What exactly is the purpose of the
p_align
field?
To make it possible to use mmap
to bring LOAD
segments into memory.
I can see that
LOAD
segments havep_align
of 4KB. The modulo statement withp_align
being 4KB mathematically guarantees its possible tommap
file pages to memory pages to correctly load the segment.
Some architectures have a different page size.
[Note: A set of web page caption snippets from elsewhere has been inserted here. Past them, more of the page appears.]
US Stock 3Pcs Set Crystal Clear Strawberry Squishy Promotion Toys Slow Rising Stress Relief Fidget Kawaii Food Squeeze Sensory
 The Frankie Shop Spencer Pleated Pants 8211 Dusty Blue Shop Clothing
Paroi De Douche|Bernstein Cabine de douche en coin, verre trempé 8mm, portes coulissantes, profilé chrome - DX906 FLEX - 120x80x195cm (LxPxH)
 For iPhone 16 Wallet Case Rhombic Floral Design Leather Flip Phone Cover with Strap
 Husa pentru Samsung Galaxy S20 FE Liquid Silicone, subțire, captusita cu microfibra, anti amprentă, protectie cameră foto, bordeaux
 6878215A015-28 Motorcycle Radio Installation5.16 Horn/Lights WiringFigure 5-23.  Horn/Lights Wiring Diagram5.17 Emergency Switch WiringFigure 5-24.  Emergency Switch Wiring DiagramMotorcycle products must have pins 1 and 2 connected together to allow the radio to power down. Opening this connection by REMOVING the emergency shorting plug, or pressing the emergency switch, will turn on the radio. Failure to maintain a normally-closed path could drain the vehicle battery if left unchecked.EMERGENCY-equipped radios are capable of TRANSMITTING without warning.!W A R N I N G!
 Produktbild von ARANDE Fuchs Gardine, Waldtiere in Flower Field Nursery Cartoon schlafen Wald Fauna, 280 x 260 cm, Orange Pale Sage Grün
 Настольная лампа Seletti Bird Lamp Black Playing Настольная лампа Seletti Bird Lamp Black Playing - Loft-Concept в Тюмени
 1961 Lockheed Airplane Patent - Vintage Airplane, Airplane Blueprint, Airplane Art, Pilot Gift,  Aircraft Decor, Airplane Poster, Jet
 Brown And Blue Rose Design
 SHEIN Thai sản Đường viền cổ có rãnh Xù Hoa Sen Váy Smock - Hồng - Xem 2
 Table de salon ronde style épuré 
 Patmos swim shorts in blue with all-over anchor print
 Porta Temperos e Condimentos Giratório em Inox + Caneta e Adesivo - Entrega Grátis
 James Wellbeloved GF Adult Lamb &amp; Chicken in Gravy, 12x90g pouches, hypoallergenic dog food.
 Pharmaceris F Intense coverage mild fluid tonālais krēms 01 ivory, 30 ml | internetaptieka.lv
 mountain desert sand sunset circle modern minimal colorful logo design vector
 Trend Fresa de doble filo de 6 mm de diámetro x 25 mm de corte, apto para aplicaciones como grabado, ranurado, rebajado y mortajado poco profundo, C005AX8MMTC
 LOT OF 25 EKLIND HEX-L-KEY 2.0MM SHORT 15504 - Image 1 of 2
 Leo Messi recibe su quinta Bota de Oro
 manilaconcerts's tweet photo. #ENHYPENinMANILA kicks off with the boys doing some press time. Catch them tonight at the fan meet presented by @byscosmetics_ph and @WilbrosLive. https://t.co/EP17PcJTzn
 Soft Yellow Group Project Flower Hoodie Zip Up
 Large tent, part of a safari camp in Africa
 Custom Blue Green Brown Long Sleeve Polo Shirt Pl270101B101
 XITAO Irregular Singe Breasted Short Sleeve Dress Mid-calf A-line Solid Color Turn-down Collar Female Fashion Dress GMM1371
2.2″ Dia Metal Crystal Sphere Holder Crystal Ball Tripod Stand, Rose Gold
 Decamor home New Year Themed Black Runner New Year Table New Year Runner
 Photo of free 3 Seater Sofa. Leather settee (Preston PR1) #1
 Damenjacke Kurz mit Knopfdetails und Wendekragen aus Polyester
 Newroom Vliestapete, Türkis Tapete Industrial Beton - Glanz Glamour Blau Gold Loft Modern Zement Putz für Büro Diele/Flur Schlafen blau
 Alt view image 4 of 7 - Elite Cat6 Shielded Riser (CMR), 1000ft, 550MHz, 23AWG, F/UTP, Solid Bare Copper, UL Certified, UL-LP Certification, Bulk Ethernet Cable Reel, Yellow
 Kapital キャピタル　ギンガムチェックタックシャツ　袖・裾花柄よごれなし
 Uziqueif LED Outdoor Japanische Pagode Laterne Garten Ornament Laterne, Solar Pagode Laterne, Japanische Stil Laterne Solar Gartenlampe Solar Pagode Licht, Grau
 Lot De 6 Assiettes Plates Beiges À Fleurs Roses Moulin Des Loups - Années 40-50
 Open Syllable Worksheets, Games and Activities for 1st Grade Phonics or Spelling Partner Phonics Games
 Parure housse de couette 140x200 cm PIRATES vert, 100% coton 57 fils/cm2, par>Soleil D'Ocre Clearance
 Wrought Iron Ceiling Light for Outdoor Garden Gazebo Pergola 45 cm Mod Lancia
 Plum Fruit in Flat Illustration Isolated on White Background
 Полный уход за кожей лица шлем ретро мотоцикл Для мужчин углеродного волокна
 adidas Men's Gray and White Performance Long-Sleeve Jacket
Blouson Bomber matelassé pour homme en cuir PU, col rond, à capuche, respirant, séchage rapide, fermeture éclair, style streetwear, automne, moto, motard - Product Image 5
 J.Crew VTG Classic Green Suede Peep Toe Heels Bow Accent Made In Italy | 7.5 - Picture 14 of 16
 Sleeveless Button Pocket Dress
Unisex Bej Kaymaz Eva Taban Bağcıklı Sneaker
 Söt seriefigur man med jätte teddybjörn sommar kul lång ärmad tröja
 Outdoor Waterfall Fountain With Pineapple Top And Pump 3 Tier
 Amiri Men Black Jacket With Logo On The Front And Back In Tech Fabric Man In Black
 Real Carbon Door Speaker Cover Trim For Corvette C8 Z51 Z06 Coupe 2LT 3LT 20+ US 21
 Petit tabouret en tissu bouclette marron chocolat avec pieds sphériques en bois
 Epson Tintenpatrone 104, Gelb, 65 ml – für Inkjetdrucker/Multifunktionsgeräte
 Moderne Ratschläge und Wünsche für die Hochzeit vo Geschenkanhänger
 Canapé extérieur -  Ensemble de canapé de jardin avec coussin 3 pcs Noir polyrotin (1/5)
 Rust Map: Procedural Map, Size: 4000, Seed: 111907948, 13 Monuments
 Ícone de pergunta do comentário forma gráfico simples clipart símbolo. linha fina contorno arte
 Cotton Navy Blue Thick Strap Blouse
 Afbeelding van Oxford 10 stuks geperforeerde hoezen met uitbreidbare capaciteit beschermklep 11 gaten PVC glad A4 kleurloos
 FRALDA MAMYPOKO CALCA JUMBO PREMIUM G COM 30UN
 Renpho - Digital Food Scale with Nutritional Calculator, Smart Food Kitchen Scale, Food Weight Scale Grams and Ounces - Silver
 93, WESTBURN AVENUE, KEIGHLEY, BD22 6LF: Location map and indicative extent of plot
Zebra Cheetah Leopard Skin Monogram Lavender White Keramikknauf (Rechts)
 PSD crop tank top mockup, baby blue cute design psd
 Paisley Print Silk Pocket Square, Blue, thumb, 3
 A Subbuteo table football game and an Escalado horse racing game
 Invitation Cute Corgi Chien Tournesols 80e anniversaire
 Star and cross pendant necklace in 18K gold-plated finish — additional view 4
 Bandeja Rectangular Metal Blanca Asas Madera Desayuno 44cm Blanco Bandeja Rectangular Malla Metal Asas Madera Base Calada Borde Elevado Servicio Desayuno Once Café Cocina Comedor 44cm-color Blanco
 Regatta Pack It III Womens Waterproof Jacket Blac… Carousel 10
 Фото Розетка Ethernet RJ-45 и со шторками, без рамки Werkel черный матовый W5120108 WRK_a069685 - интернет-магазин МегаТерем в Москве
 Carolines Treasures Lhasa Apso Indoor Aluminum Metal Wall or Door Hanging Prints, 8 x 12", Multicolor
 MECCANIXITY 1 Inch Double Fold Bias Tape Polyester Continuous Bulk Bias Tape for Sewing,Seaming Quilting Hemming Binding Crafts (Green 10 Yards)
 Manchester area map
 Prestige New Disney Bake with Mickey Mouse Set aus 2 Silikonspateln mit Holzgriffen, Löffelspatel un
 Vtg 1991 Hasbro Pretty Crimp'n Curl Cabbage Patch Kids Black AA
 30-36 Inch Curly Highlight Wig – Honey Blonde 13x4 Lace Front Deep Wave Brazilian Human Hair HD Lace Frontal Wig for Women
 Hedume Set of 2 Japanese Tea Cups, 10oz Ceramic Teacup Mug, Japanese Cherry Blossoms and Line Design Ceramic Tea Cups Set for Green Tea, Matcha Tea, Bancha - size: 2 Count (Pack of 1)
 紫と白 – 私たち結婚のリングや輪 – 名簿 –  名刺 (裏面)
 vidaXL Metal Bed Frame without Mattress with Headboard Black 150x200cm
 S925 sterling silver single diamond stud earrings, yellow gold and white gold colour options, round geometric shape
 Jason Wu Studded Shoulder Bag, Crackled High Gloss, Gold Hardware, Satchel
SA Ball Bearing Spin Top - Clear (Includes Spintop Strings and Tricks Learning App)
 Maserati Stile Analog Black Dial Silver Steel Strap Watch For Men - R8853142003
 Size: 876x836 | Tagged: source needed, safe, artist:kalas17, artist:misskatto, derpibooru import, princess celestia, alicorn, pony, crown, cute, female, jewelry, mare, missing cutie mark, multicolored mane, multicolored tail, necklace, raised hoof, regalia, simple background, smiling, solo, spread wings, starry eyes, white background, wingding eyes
For example powerpc64
page size is 64KB, and binaries linked for it will have p_align == 0x10000
.
Further, x86_64
supports multiple page sizes, and if you want to be able to use e.g. 2MB pages for your binary, then you need to set alignment appropriately:
echo "int main() { return 0; }" | gcc -xc - -Wl,-z,max-page-size=0x200000
readelf -Wl ./a.out
Elf file type is EXEC (Executable file)
Entry point 0x600020
There are 13 program headers, starting at offset 64
Program Headers:
Type Offset VirtAddr PhysAddr FileSiz MemSiz Flg Align
PHDR 0x000040 0x0000000000400040 0x0000000000400040 0x0002d8 0x0002d8 R 0x8
INTERP 0x000318 0x0000000000400318 0x0000000000400318 0x00001c 0x00001c R 0x1
[Requesting program interpreter: /lib64/ld-linux-x86-64.so.2]
LOAD 0x000000 0x0000000000400000 0x0000000000400000 0x0004b8 0x0004b8 R 0x200000
LOAD 0x200000 0x0000000000600000 0x0000000000600000 0x000121 0x000121 R E 0x200000
LOAD 0x400000 0x0000000000800000 0x0000000000800000 0x00009c 0x00009c R 0x200000
LOAD 0x5ffe38 0x0000000000bffe38 0x0000000000bffe38 0x0001cc 0x0001d0 RW 0x200000
DYNAMIC 0x5ffe48 0x0000000000bffe48 0x0000000000bffe48 0x000190 0x000190 RW 0x8
...
Indeed, 2MB pages used to be the default on x86_64
, precisely because someone might decide to use 2MB (aka huge) pages, until the default was changed to 4KB in this commit.